Saudi Arabia: Khashoggi is not a memory

The Saudi authorities, in which influential figures are known to be involved in the case of the murder of journalist Jamal Khashoggi and the dismemberment of his body at the headquarters of a diplomatic body in Turkey, continue to crack down on dissidents, human rights activists, independent clerics and journalists. According to the report issued by “Human Rights Watch” for the year 2020, prominent human rights activists are still arrested since 2018. They are detained because of their advocacy for women’s rights like the activists Loujain Al-Hathloul, Maya Al-Zahrani, Samar Badawi, Nouf Abdel Aziz, and Nassima Al-Sada.

The same source indicates that in July a Saudi court sentenced a Yemeni blogger to ten months in prison and a fine of 10,000 Saudi riyals (US $ 2,700) with his deportation to Yemen, for posting a video on social media calling for equal rights, including for LGBTQ people.

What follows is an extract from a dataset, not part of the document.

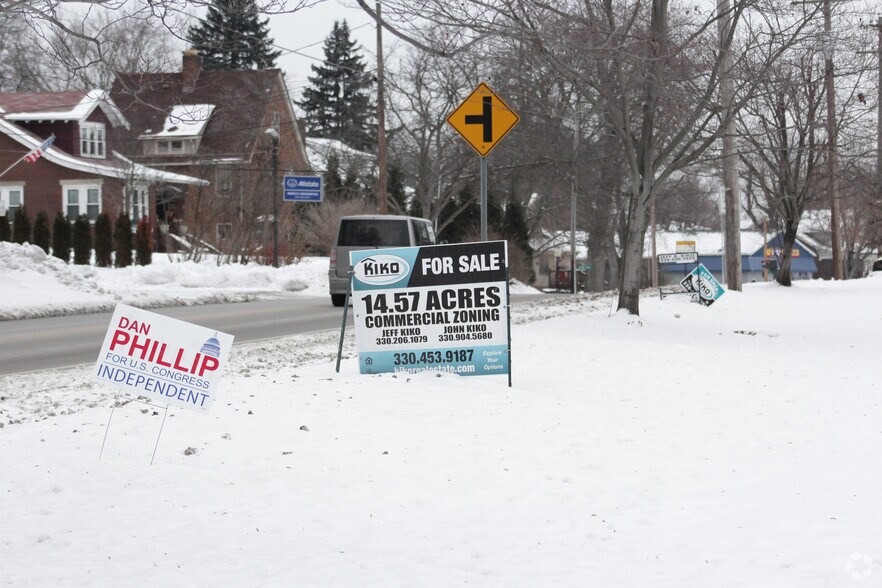 640 S Prospect, Hartville, OH for sale - Primary Photo - Image 1 of 1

Sudan: freedom of the press within the scope of the law

In Sudan, which witnessed a popular revolution that toppled the rule of the “Islamist” Omar al-Bashir, the transitional government, in July 2020, amended the Cybercrime Law of 2007, but “increased the penalties contained therein instead of canceling the vaguely worded crimes that criminalize ‘spreading fake news’, And publishing ‘indecent or indecent content.’” According to a report by HRW, on July 18, 2020. the Sudanese Army appointed a special commissioner to file lawsuits against individuals who “abuse” the armed forces on the Internet, inside and outside the country.

On January 7, the “Supreme Committee to Dismantle the June 30 System and Remove Empowerment,” formed to tackle corruption and recover assets and property stolen from the former ruling party, banned “Al-Rai Al-Aam” and “Al-Sudani” newspapers and two private TV channels, claiming they had links Finance with the Bashir regime. This is while “the committee lacks judicial oversight and is being criticized as a political tool,” according to the same source.